## About this task
Exactly reproduce the lines of the listing below from the one containing "Forest View Drive, Chiloquin, OR 97624" through the one containing "Mixed Breed cats". Skip the images.

## Data excerpts

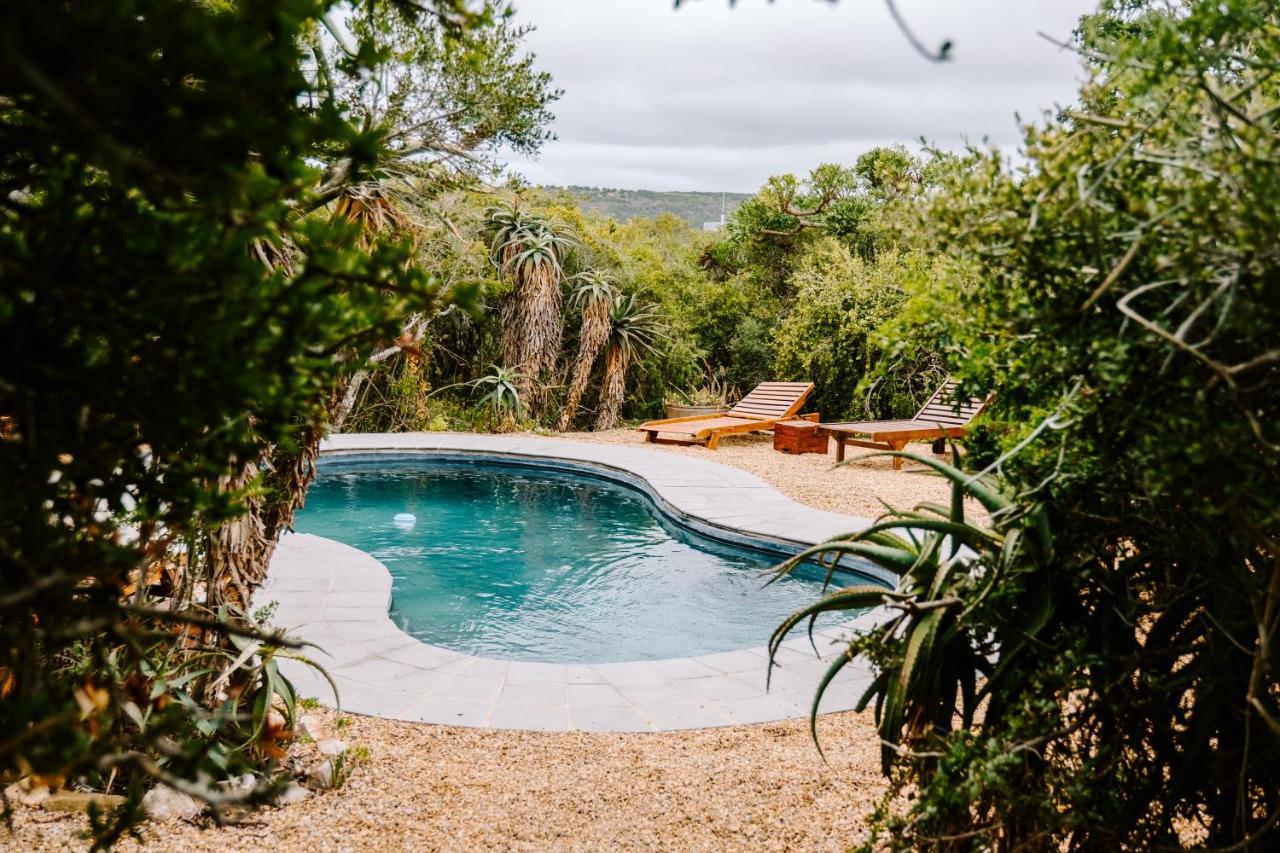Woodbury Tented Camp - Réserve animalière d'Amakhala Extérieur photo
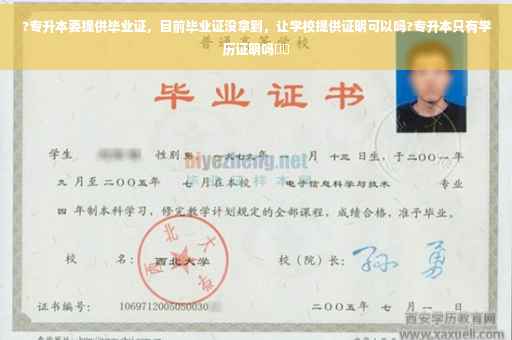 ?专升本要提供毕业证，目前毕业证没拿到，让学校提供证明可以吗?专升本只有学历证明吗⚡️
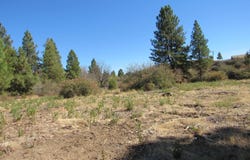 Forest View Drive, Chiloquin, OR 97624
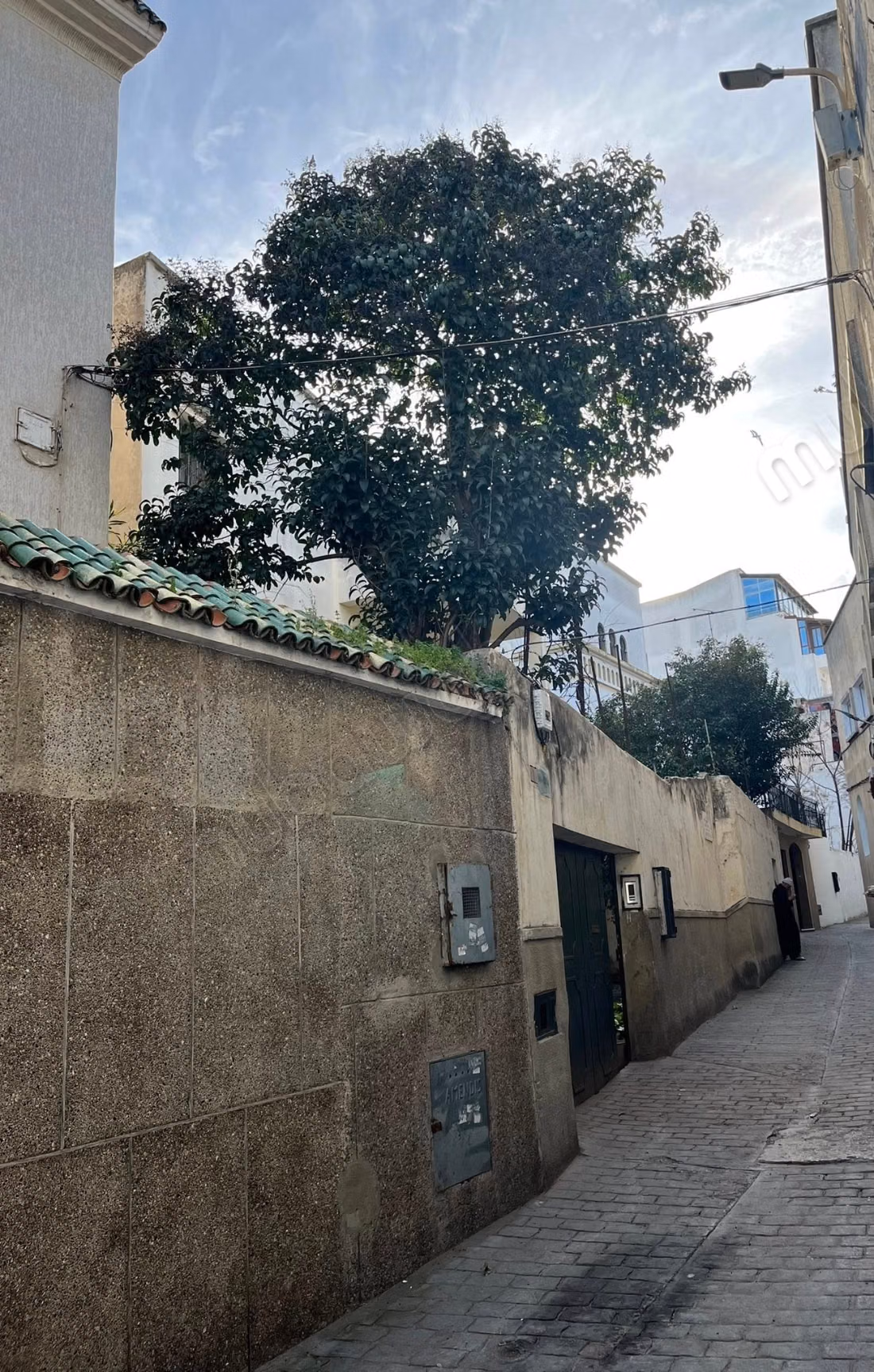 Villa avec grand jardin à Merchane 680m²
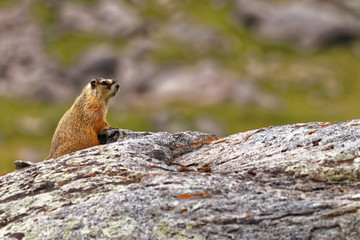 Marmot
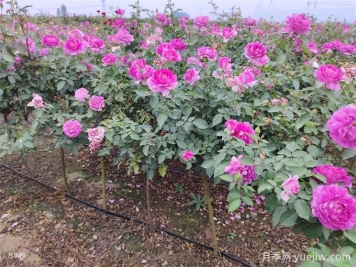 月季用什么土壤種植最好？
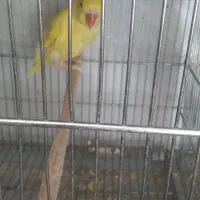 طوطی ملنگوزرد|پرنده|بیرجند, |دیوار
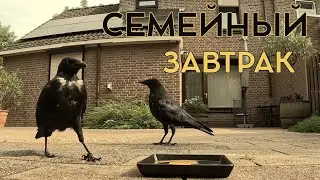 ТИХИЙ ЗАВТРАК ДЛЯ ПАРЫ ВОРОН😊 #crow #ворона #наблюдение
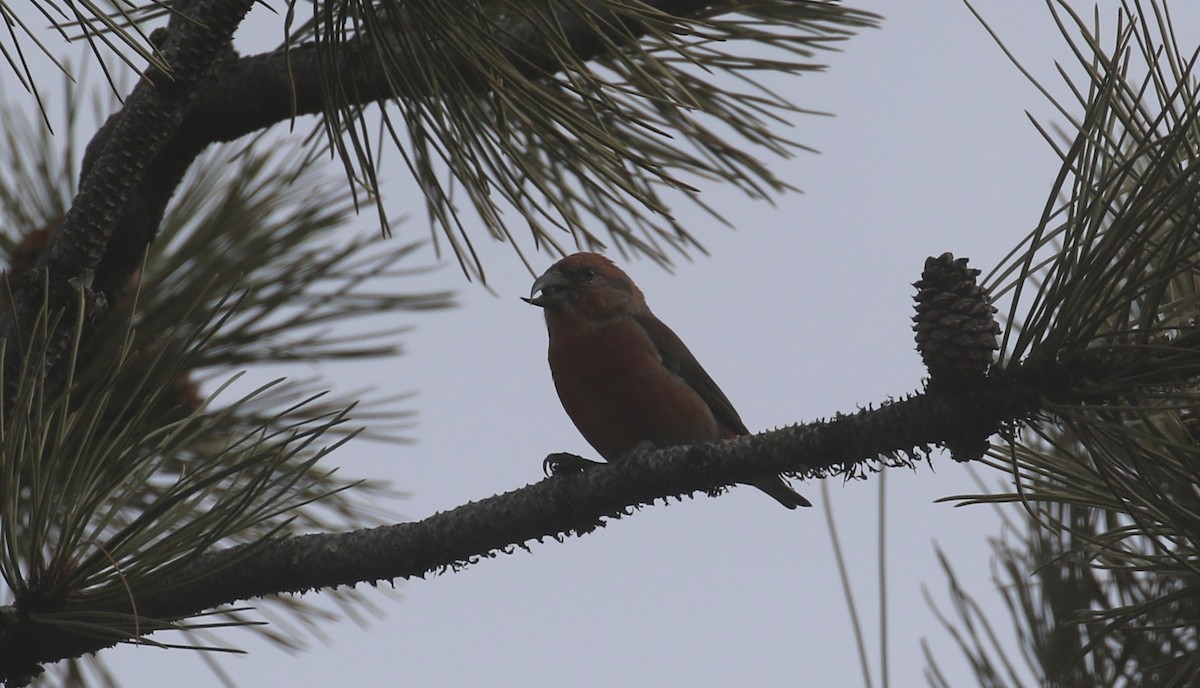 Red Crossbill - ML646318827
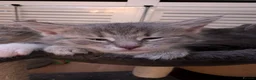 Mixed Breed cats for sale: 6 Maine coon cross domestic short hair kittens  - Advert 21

==

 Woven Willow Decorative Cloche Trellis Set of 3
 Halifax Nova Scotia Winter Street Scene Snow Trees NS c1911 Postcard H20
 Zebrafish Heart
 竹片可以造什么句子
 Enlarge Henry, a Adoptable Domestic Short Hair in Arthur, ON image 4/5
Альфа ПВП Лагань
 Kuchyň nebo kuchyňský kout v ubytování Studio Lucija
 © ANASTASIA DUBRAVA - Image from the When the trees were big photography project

---

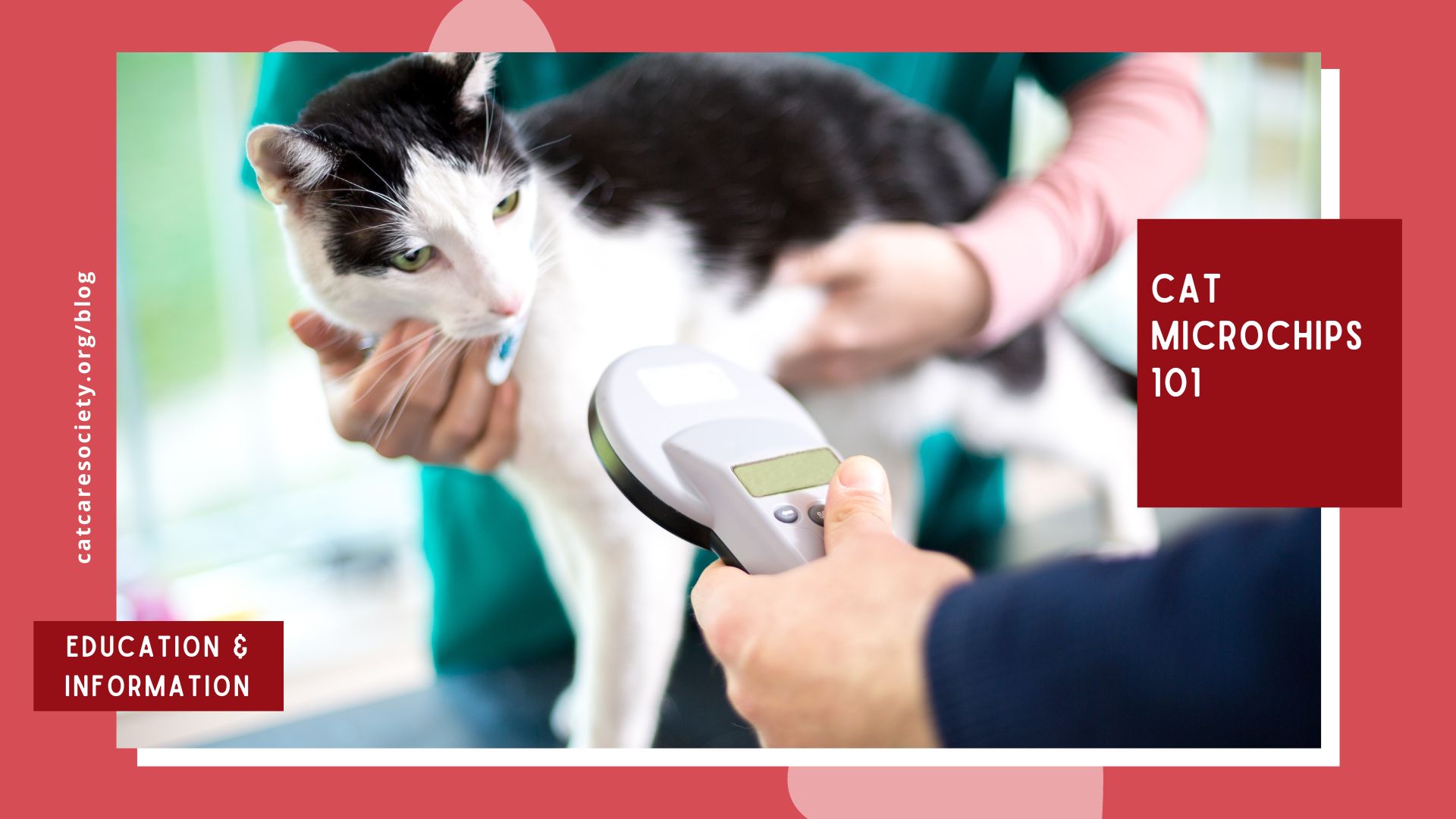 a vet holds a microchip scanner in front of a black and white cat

## Response to this exercise
 Forest View Drive, Chiloquin, OR 97624
 Villa avec grand jardin à Merchane 680m²
 Marmot
 月季用什么土壤種植最好？
 طوطی ملنگوزرد|پرنده|بیرجند, |دیوار
 ТИХИЙ ЗАВТРАК ДЛЯ ПАРЫ ВОРОН😊 #crow #ворона #наблюдение
 Red Crossbill - ML646318827
 Mixed Breed cats for sale: 6 Maine coon cross domestic short hair kittens  - Advert 21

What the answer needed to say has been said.